À l'achat, l'écart est réel
Sur le segment compact, une MG4 démarre autour de 33 490 € (souvent remisée vers 28 000 €) quand une Renault Mégane E-Tech dépasse 39 000 €. L'écart de prix catalogue est réel, de l'ordre de 15 à 20 % à équipement comparable.
Mais le prix affiché ne dit pas le coût de possession. Trois postes viennent rebattre les cartes : les aides, la batterie, et la revente.
L'aide qui change tout : le score environnemental
Point souvent ignoré, et décisif. La plupart des électriques chinoises (MG4, Dacia Spring, BYD Dolphin) ne passent pas le score environnemental de 60/100 exigé pour le « Coup de pouce VPE » — leur fabrication lointaine plombe la note. Elles ne figurent pas sur la liste ADEME des véhicules aidés.

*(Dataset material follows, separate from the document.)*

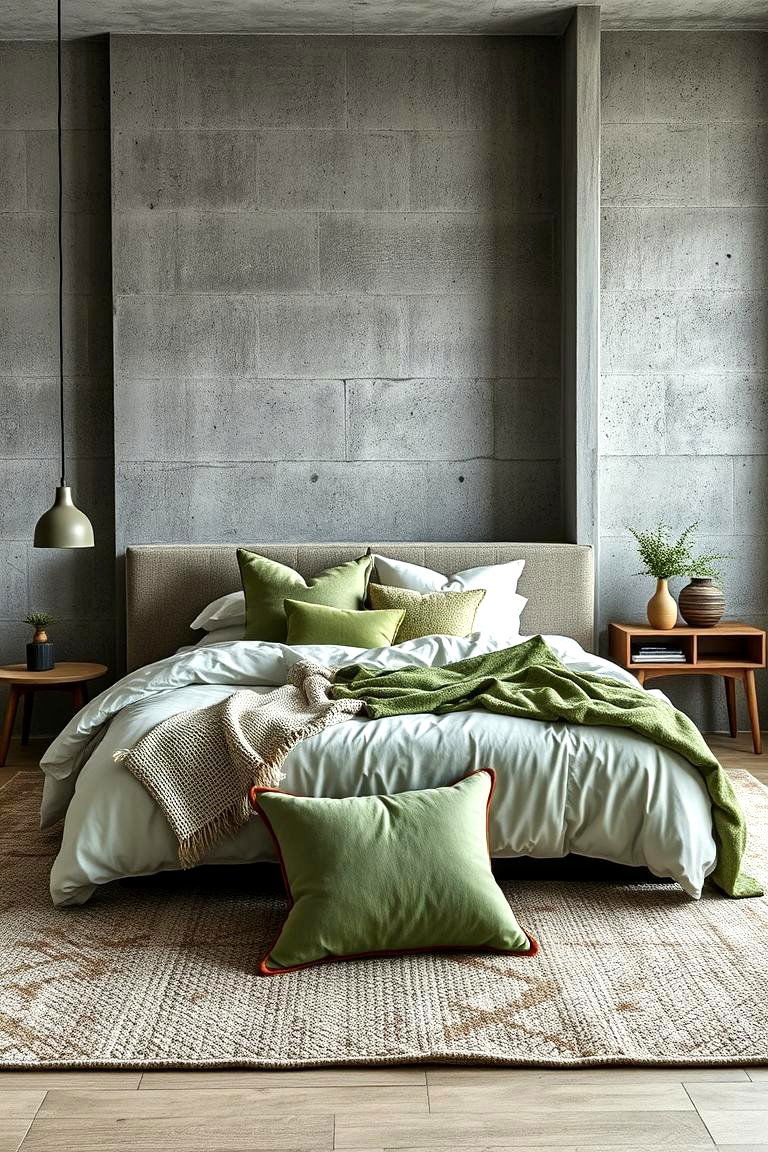 Textured Comfort - 24 Green and Grey Bedroom Ideas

Conséquence concrète : jusqu'à 5 700 € d'aide en moins par rapport à une européenne éligible. L'écart de prix affiché fond alors, et peut même s'inverser une fois les aides déduites.
Batterie : l'avantage LFP
Beaucoup de chinoises misent sur la chimie LFP (lithium-fer-phosphate) : moins dense en énergie, mais plus endurante — de l'ordre de 3 000 à 6 000 cycles, contre 1 000 à 2 000 pour une NMC — et tolérante à la charge à 100 % au quotidien.
Sur la longévité de la batterie, le poste le plus coûteux d'un VE, l'écart joue parfois en faveur des chinoises. Un critère à peser autant que le prix.

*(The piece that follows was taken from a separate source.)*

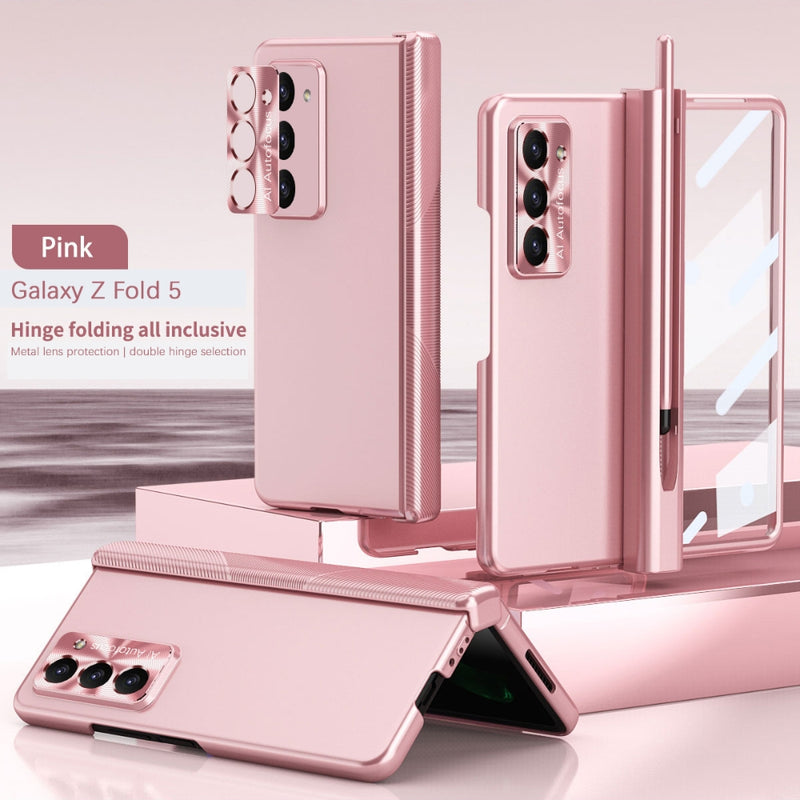 Chargez l&#39;image dans la visionneuse de la galerie, [With Pen Slot] Samsung Galaxy Z Fold 3 (SM-F926) - Full Coverage Electroplated Magnetic Hinge Shockproof Protective Case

La décote, l'inconnue qui coûte cher
Une voiture perd l'essentiel de sa valeur dans les trois premières années. Sur ce poste, les marques européennes installées conservent aujourd'hui une meilleure valeur résiduelle, faute de recul suffisant sur la cote des modèles chinois récents en France.

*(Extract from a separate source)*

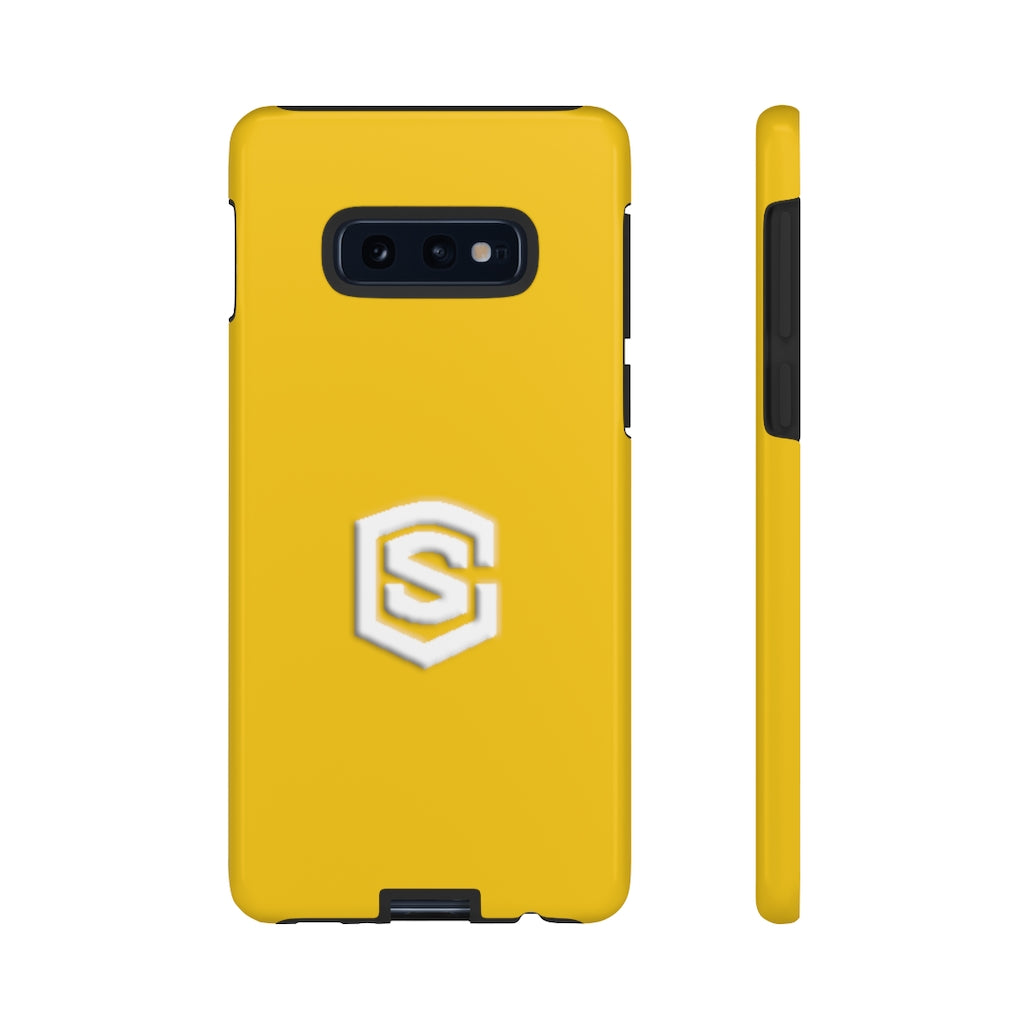 Yellow Tough Cases White Logo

Autrement dit : une partie de l'économie faite à l'achat peut être reprise à la revente. L'écart réel se resserre encore.
SAV, réseau, garantie
Le réseau après-vente et la disponibilité des pièces pèsent sur l'expérience et sur le coût d'entretien. Les constructeurs chinois étoffent vite leur présence, mais le maillage reste plus dense côté européen.
La garantie batterie (souvent 8 ans / 160 000 km des deux côtés, seuil ~70 %) protège sur le poste le plus coûteux — à vérifier contrat en main.
Notre lecture
Il n'y a pas de réponse unique. Une fois les aides déduites, une européenne éligible au Coup de pouce VPE se rapproche souvent d'une chinoise pourtant moins chère au catalogue. La chinoise garde l'avantage sur la longévité batterie (LFP) et l'écart de prix brut.
Le bon réflexe : raisonner en coût réel sur votre durée de détention, aides comprises — pas en prix affiché.